**Task instructions**.
Exact copy, no pictures: set down the lines from the one holding "TASMAN MENS POLOS - V1311 - BLACK/CYAN" through the final line of the records below.

(Data extracted from a collection)
══════════
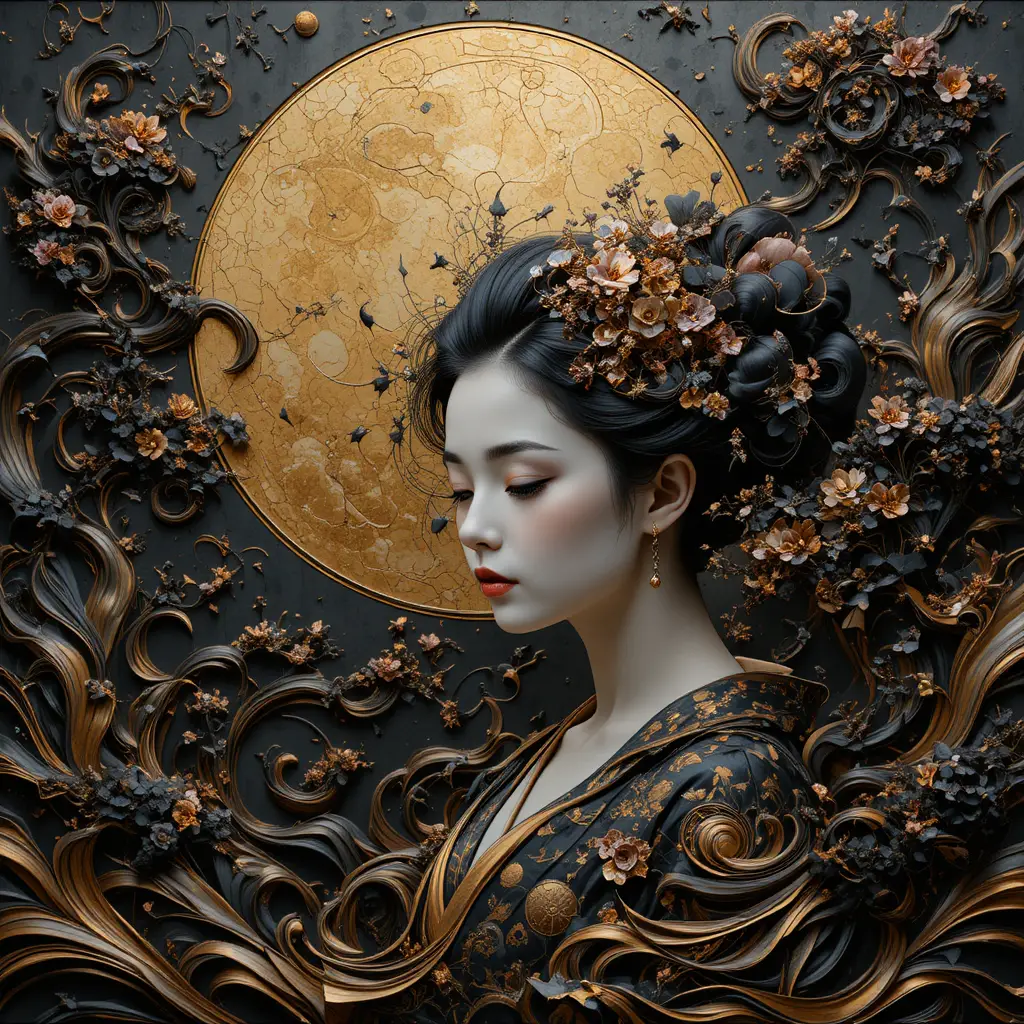 Geisha under a full moon in black and gold relief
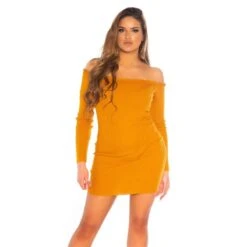 Sexy Damen Off-Shoulder Strickkleid/Longpullover Senfgelb -Look Motto Verkäufe sexy damen off shoulder strickkleid longpullover senfgelb6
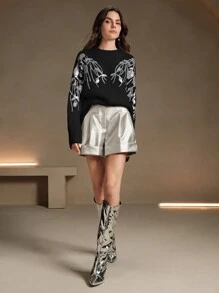 Anewsta Jersey holgado de punto con bordados florales y decoración de lentejuelas para mujeres en otoño/invierno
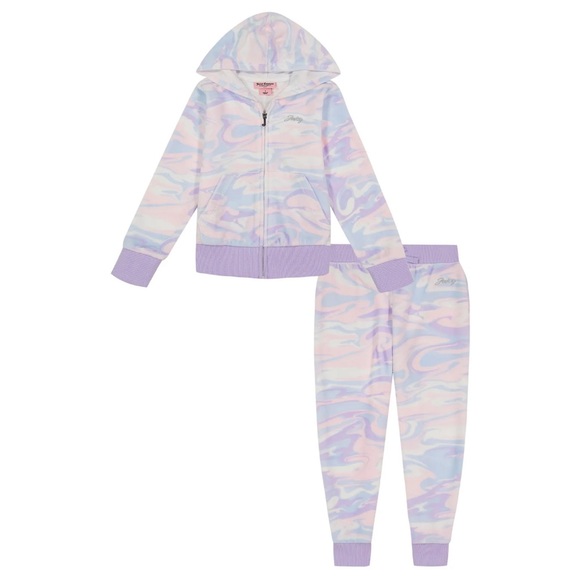 NWT Juicy Couture Girl Velour Multi Purple Set Hoodie Jogger Pants “Fix Price” - Picture 3 of 6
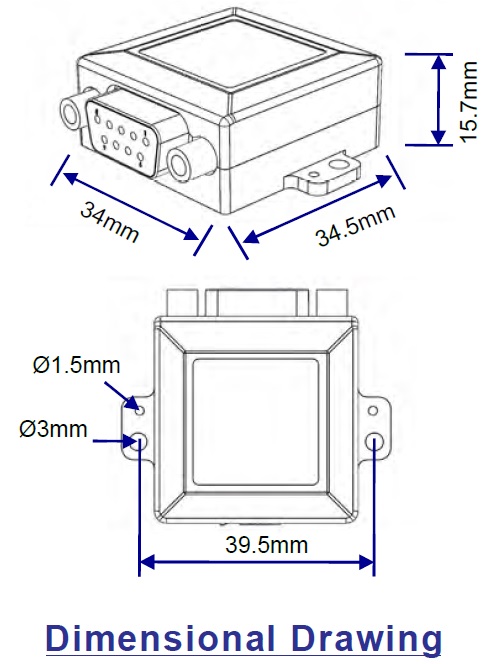 LPMS-CU2 Dimensional Drawing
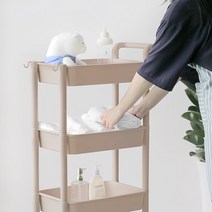 가정용 서빙 업소 미용실 주방 다용도 수납 트롤리 3단 4단 이동식 수납장 카트 웨건, 3단 카트 화이트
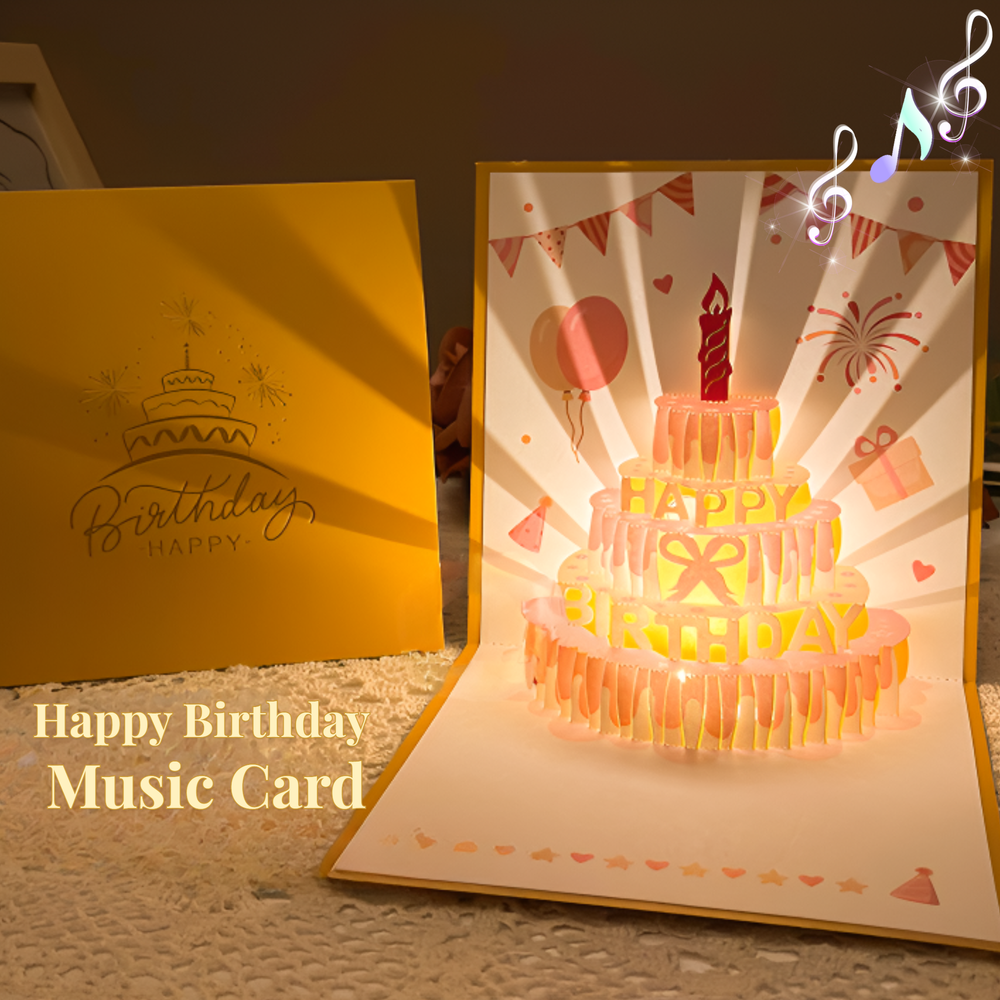 나나코지 3D입체 생일축하카드 popup card 멜로디카드 팝업카드 환갑축하카드, 핑크골드, 1개 12,800원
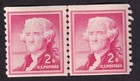 Scott #1055b Thomas Jefferson Coil Line Pair of Stamps - MNH #8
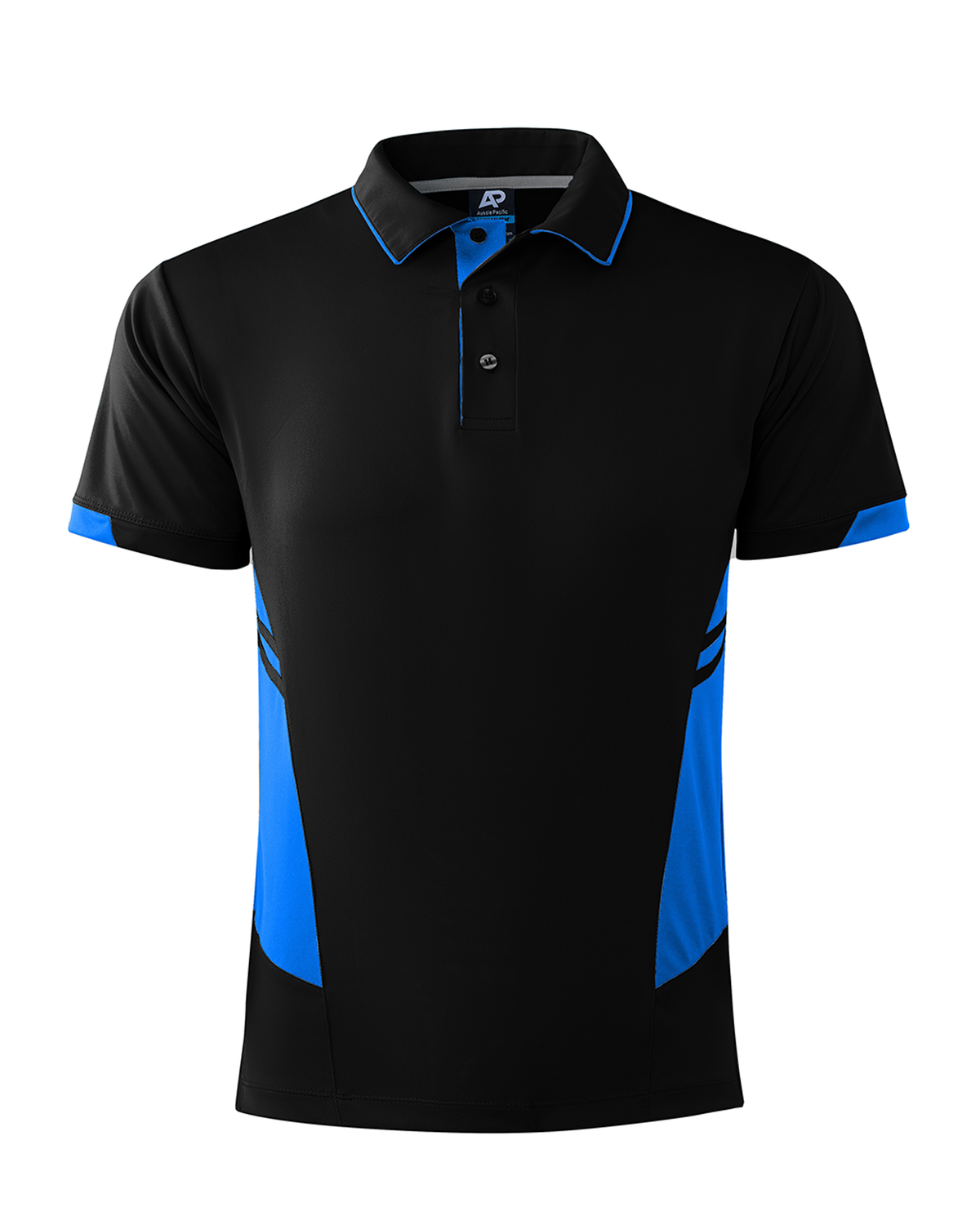 TASMAN MENS POLOS - V1311 - BLACK/CYAN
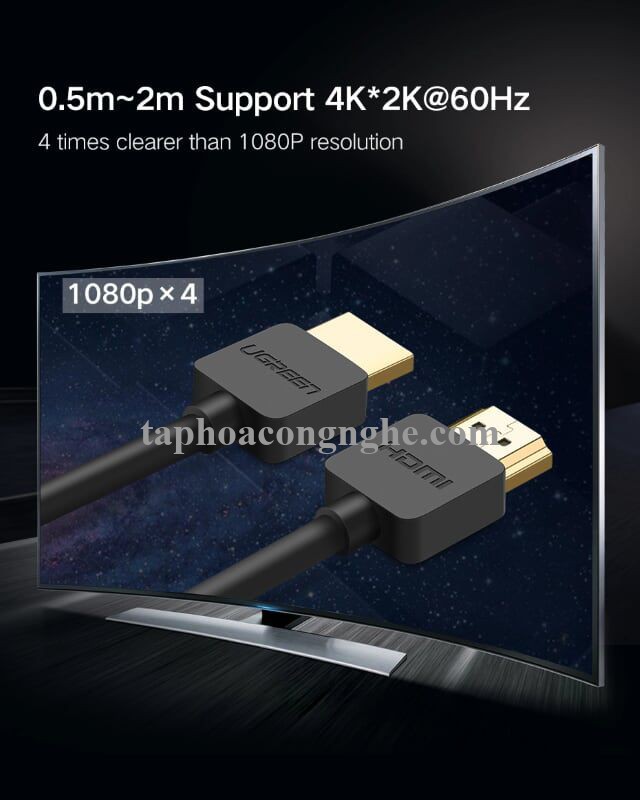 Ugreen 30822 0.5M màu Đen Cáp tín hiệu HDMI chuẩn 2.0 hỗ trợ phân giải 4K * 2K HD121 30030822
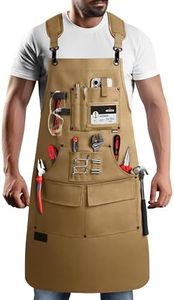 NoCry Heavy Duty Work Aprons with Reinforced Pockets, Magnet Holders & Durable Stitching — Ideal Tool Apron (Brown, Large/X-Large)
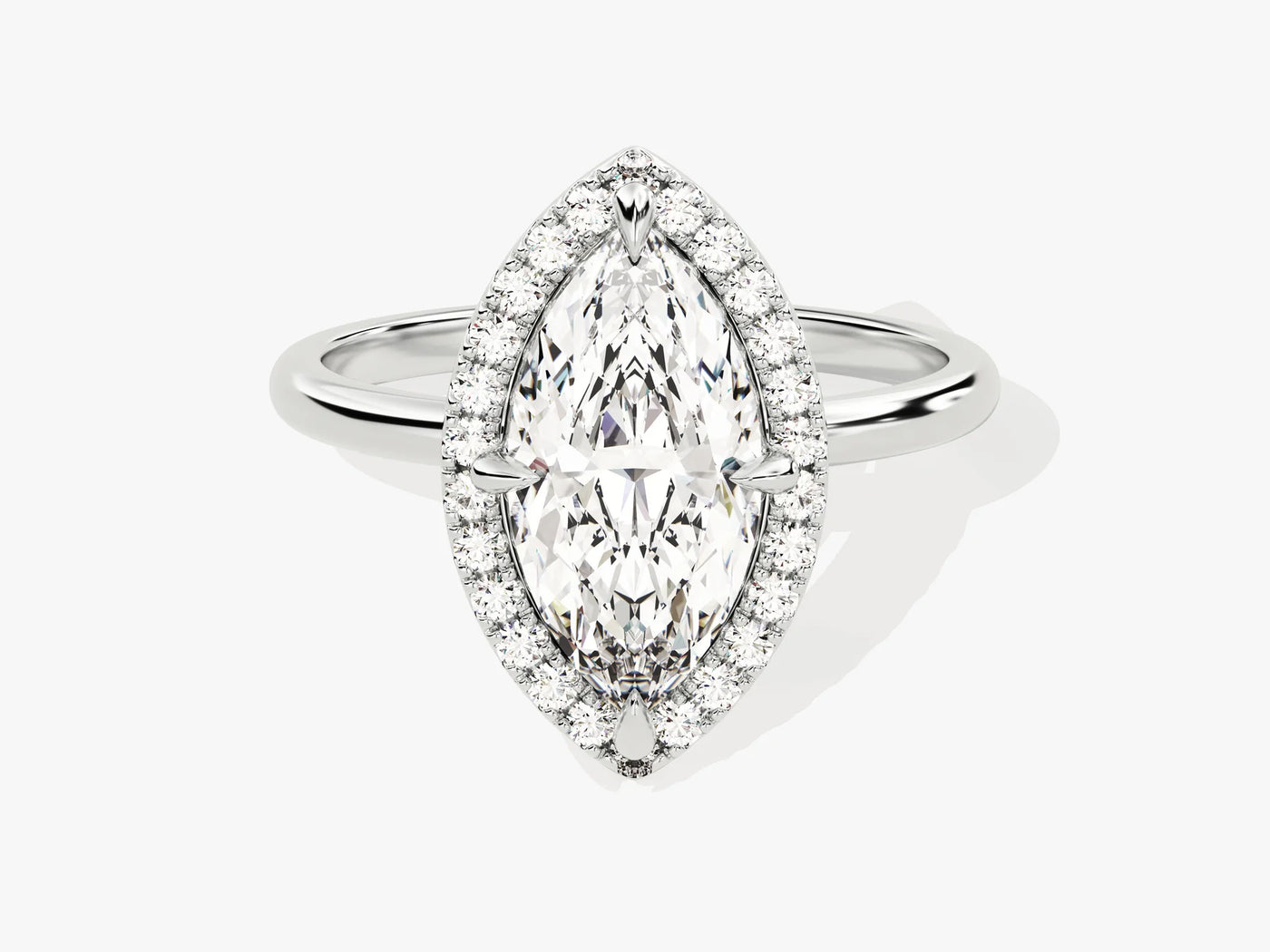 2.0CT Marquise Diamond Halo Moissanite Engagement Ring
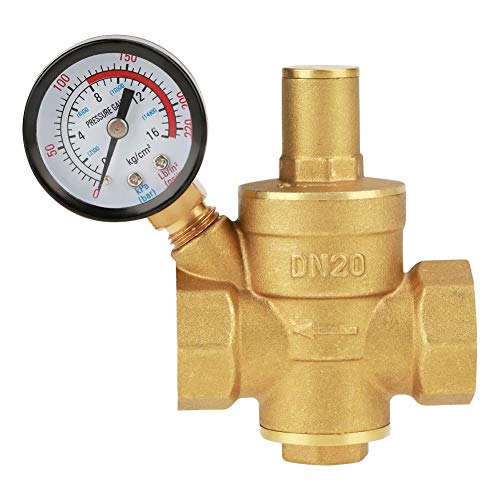 Druckminderer Wasser, 3/4 Zoll DN20 Messing Wasserdruckminderer Einstellbarer Niederdruckregler mit Manometer für effiziente Druckregulierung von Wandisy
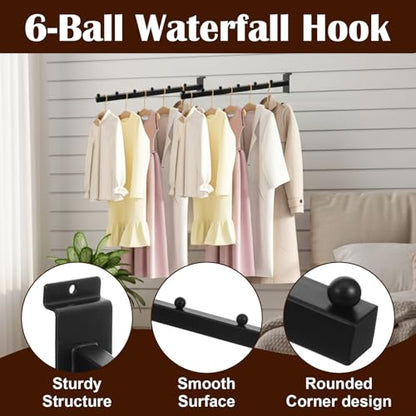 10 Pack Waterfall Slatwall Display Hooks with 6 Balls, 12 Inch Heavy Duty Tube Slat Wall Hanger Slatwall Accessories Slat Wall Hooks and Hangers for Clothing Retail Garage Shop Display (Black)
══════════
**Solution to this exercise**.
 TASMAN MENS POLOS - V1311 - BLACK/CYAN
 Ugreen 30822 0.5M màu Đen Cáp tín hiệu HDMI chuẩn 2.0 hỗ trợ phân giải 4K * 2K HD121 30030822
 NoCry Heavy Duty Work Aprons with Reinforced Pockets, Magnet Holders & Durable Stitching — Ideal Tool Apron (Brown, Large/X-Large)
 2.0CT Marquise Diamond Halo Moissanite Engagement Ring
 Druckminderer Wasser, 3/4 Zoll DN20 Messing Wasserdruckminderer Einstellbarer Niederdruckregler mit Manometer für effiziente Druckregulierung von Wandisy
 10 Pack Waterfall Slatwall Display Hooks with 6 Balls, 12 Inch Heavy Duty Tube Slat Wall Hanger Slatwall Accessories Slat Wall Hooks and Hangers for Clothing Retail Garage Shop Display (Black)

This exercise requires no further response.